嵐が丘ってどういう話…とあらすじを説明すると、どうしてもメロドラマになってしまいます。しかも愛と憎しみが交差する正しく昼ドラ!でもこれは単なるメロドラマではないのよ…と言いたいのだけど、果たしてそれを上手く伝えられるか甚だ不安でもありますが…進めていきます。
≪この投稿はネタバレありです。名作はあらすじを全部知っていても楽しめるというコンセプトで書いています。≫


概要

ブロンテ三姉妹の次女(正式には四女)エミリー・ブロンテ(Emilly Brontë)が1847年に29歳の時に発表した作品。同年姉シャーロット(Charlotte Brontë)の『ジェーン・エア(Jane Eyre)』と妹アン(Anne Brontë)の『アグネス・グレイ(Agnes Gray)』が同時に発表され、ジェーン・エアだけが商業的成功を収めた。この当時女性の作家が軽んじられていたことから姉妹は男性のようなペンネームを使っていた。シャーロットはカラー・ベル(Currer Bell)、エミリーはエリス(Ellis Bell)、アンはアクトン(Acton Bell)というように。

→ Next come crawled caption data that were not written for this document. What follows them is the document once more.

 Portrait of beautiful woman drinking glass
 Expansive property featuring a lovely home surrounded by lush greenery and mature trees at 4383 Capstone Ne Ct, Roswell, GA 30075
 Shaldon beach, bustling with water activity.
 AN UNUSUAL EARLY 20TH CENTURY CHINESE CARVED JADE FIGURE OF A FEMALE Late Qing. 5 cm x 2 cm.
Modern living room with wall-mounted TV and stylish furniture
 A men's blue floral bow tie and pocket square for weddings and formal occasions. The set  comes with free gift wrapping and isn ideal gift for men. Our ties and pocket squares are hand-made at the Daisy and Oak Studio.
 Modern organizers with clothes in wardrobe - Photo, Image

『ジェーン・エア』はベストセラーになったが『嵐が丘』は当時酷評された。エミリーはその翌年この世を去ったため栄光を手にすることはなかっが、20世紀に入ってから評価されるようになり、作家のサマセット・モームは世界の十大小説の一つに掲げ、英国の評論家エドマンド・ブランデンはメルヴィルの『白鯨』、シェークスピアの『リア王』と共に英語で書かれた三大悲劇に掲げている。

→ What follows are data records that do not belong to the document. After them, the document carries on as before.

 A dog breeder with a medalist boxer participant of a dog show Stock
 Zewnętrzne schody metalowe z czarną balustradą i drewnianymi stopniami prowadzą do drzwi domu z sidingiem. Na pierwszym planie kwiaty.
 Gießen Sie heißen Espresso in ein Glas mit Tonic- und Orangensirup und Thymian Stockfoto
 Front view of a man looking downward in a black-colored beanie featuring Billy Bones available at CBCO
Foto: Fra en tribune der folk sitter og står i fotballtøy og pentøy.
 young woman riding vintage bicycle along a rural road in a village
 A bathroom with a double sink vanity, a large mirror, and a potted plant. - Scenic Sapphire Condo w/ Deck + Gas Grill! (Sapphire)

原題はWuthering Heights、ハイツは高台とか丘を意味し、日本でもマンションの名前に〇〇ハイツなどと使われていように高級な邸宅を表すこともある。ワザリングは嵐の時の風の騒ぎを形容する方言です。このワザリングハイツを最初に『嵐が丘』と訳したのは斎藤勇氏で、日本ではこのタイトルが定着している。

あらすじ

嵐が丘の当主アーンショー氏がリバプールに行った際、色の黒い英語のわからない孤児に出会い、放っておけずに家に連れて帰った。その子どもはヒースクリフと名付けられ養子のように育てられた。
アーンショー家の二人の子どものうち、妹のキャサリンは最初は嫌がっていたものの徐々にヒースクリフと仲良くなり一緒に遊ぶようになる。一方兄のヒンドリーは父親の愛がヒースクリフに行ったような疎外感を感じ彼を疎ましく思う。

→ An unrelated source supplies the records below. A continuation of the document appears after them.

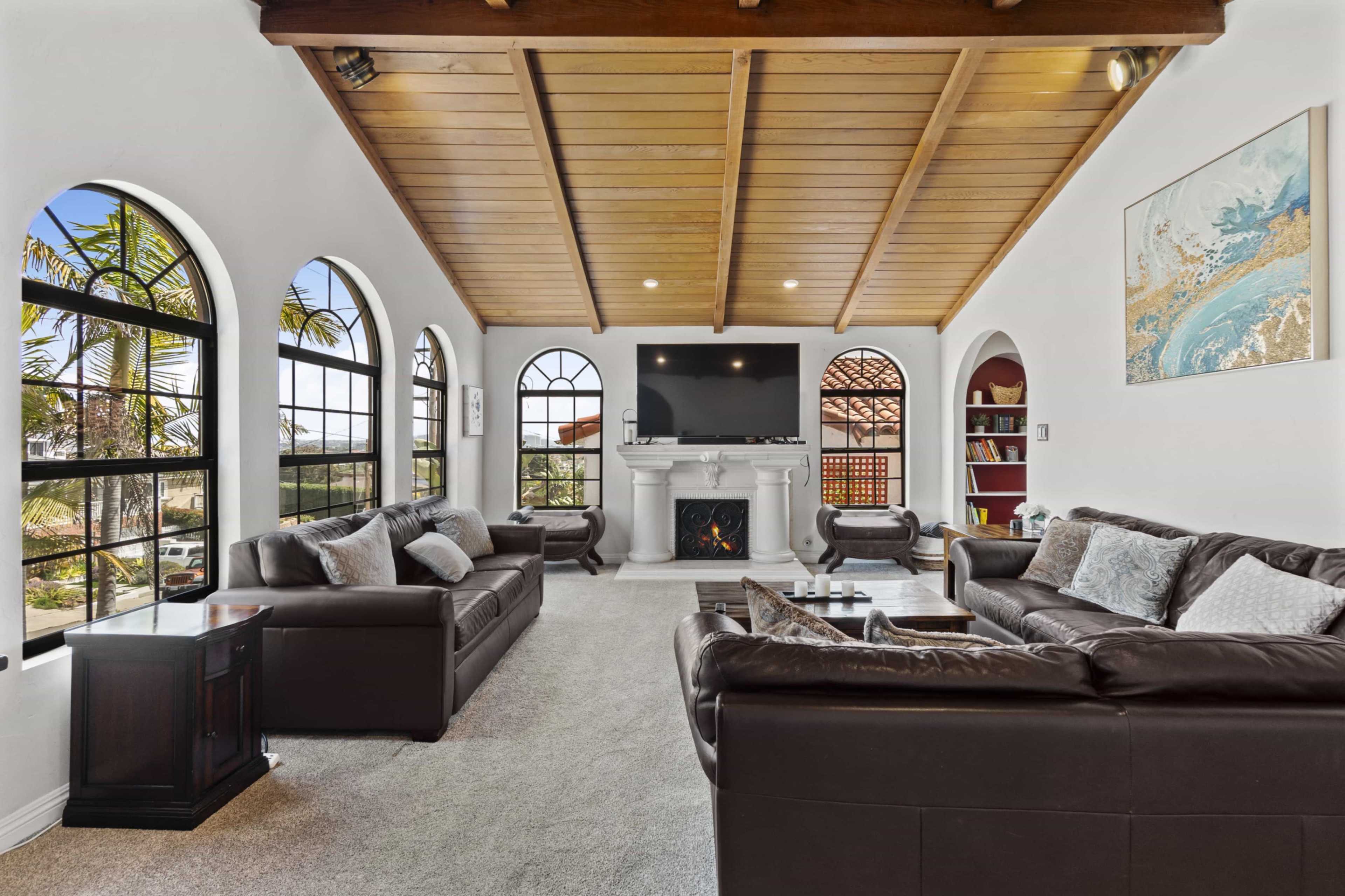 A spacious living room features dark leather sofas arranged around a coffee table, with large windows providing views of palm trees outside.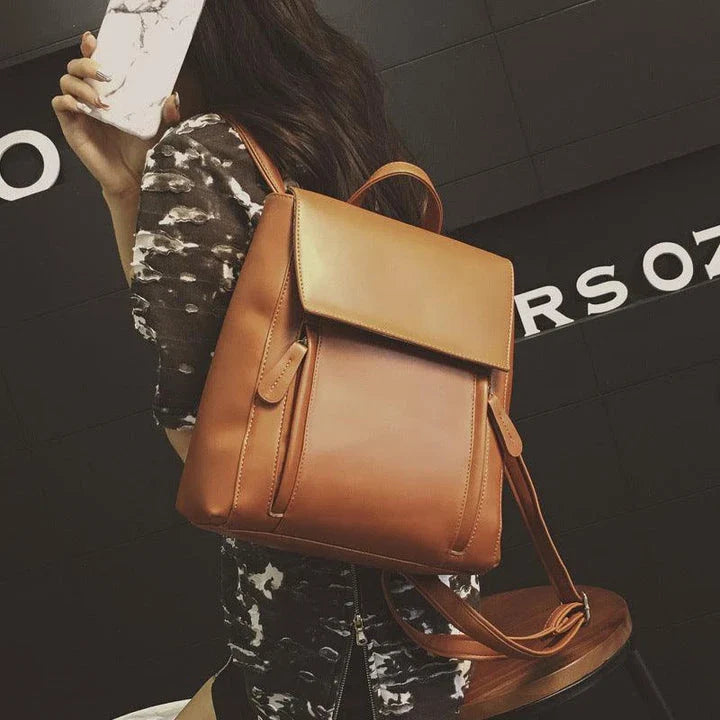 Versatile British-inspired shoulder bag made from high-quality PU leather with a spacious main compartment, convenient pockets, and an adjustable strap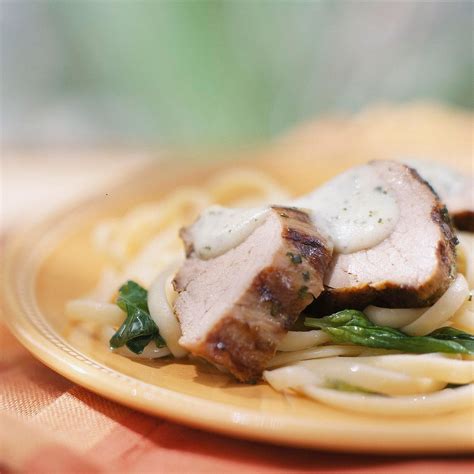 pork-loin-with-creamy-pesto-sauce-recipe-eatingwell image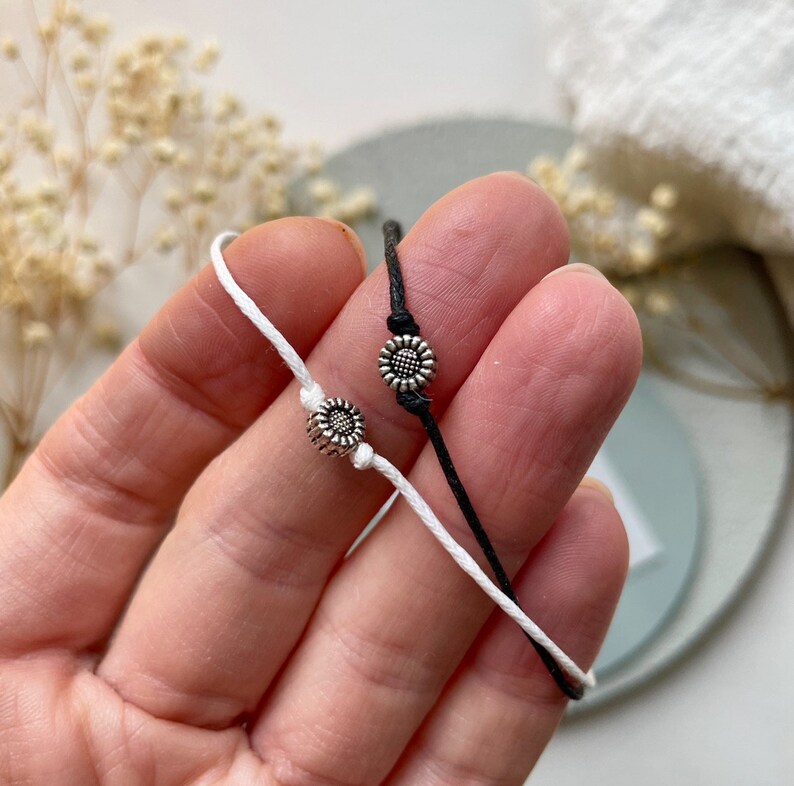 Peut inclure: Deux bracelets d'amiti&eacute;, un blanc et un noir, chacun orn&eacute; d'un petit charm en forme de tournesol argent&eacute;. Les bracelets sont en cordon et pr&eacute;sent&eacute;s sur un fond doux et neutre. Les breloques tournesol ajoutent une touche d&eacute;licate.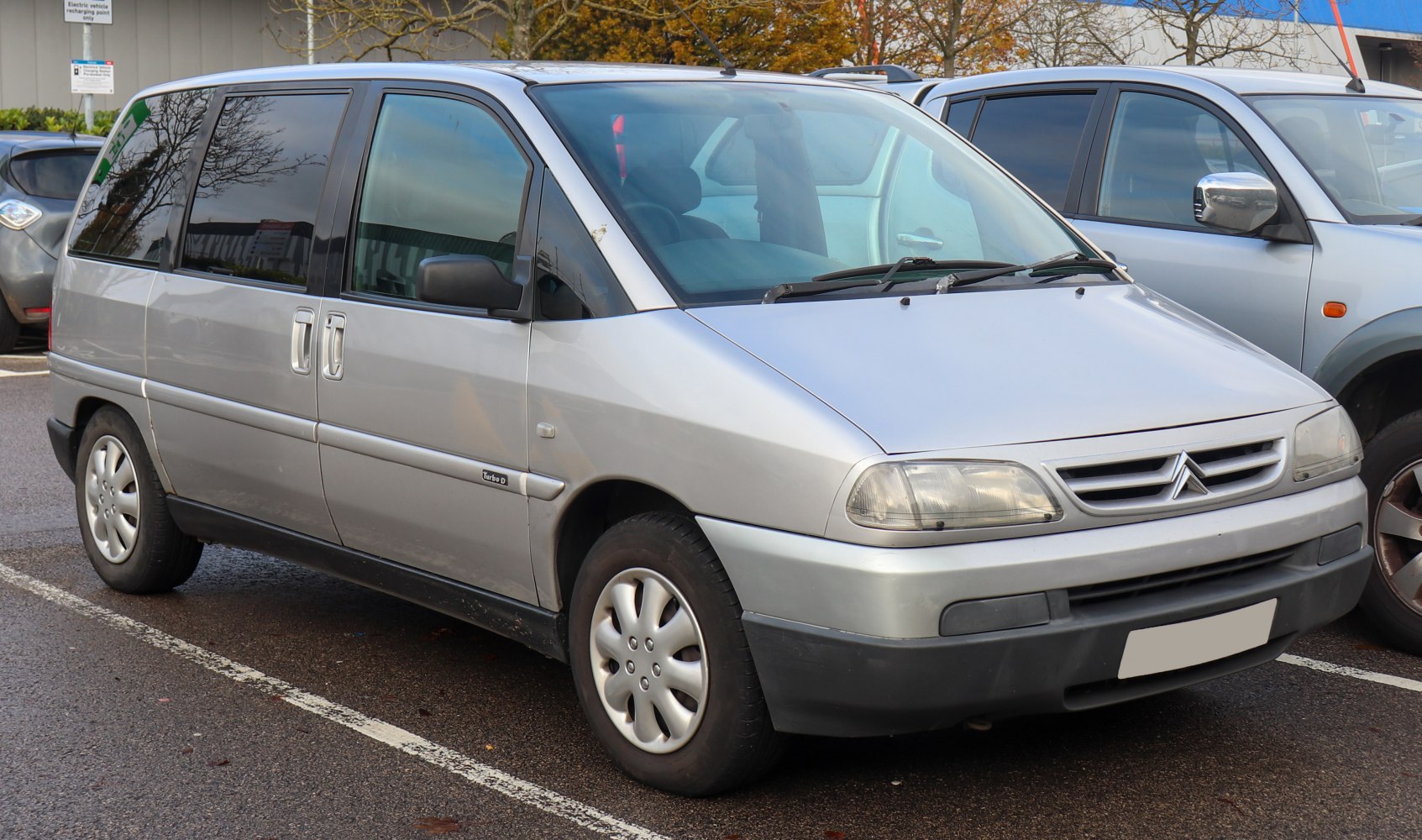 Front side view of a mid-1990s MPV with sliding doors and distinctive headlights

月日が経ち、アーンショー夫人が亡くなり、ヒンドリーは大学に行くために家を離れる。そのころキャサリンとヒースクリフは隣家スラシュクロス屋敷の子ども達エドガーとイザベラと出会う。兄妹はキャサリンとは親しくなるものの使用人風情のヒースクリフのことは相手にしなかった。

やがてアーンショー氏が亡くなると、ヒンドリーが嵐が丘に妻のフランセスを連れて戻って来る。それまで家の子ども達と分け隔てなく過ごしてきたヒースクリフは、主が変わったことにより勉強をさせてもらえず、下男のようにこき使われるようになった。フランセスは子どもを授かるが出産の際子どもの命と引き換えに亡くなる。生まれた子どもヘアトンは家政婦のネリーが面倒を見ていた。

キャサリンはエドガーから求婚され承諾する。心の底では誰よりもヒースクリフを思っていることをネリーにだけ告げる。彼女の本心を知らないヒースクリフはショックを受け疾走する。キャサリンはネリーを連れてスラシュクロス屋敷へ移る。ここでは比較的穏やかに新婚生活が送られる。

三年後、ヒースクリフが富と教養を身に着け戻って来る。彼は嵐が丘に住み着きヘアトンを手なずける。彼と再会したキャサリンは正気を失ったようになる。しかしヒースクリフはエドガーの妹イザベラを誘惑して強引に結婚する。それによりイザベラは兄エドガーから勘当される。ヒースクリフに神経をかき乱されたキャサリンは娘キャサリンを産み残して世を去る。

夫の暴力に苦しんだイザベラは身重の体で嵐が丘を抜け出し遠くへ逃げる。やがてヒンドリーが亡くなりヒースクリフは嵐が丘の当主になる。彼は自分がかつて受けたようにヘアトンに教育を与えず野良仕事をさせてこき使った。一方イザベラはヒースクリフの子を産みリントンと名付ける。

それから13年後、イザベラが亡くなりリントンを兄に託す。しかしヒースクリフが我が子を奪い去ってしまう。さらに3年後、キャシーとリントンが再会し互いに惹かれるようになる。二人はエドガーが病身なのをいいことに密会を続ける。ヒースクリフはエドガーの死を予知し二人を強制的に結婚させる。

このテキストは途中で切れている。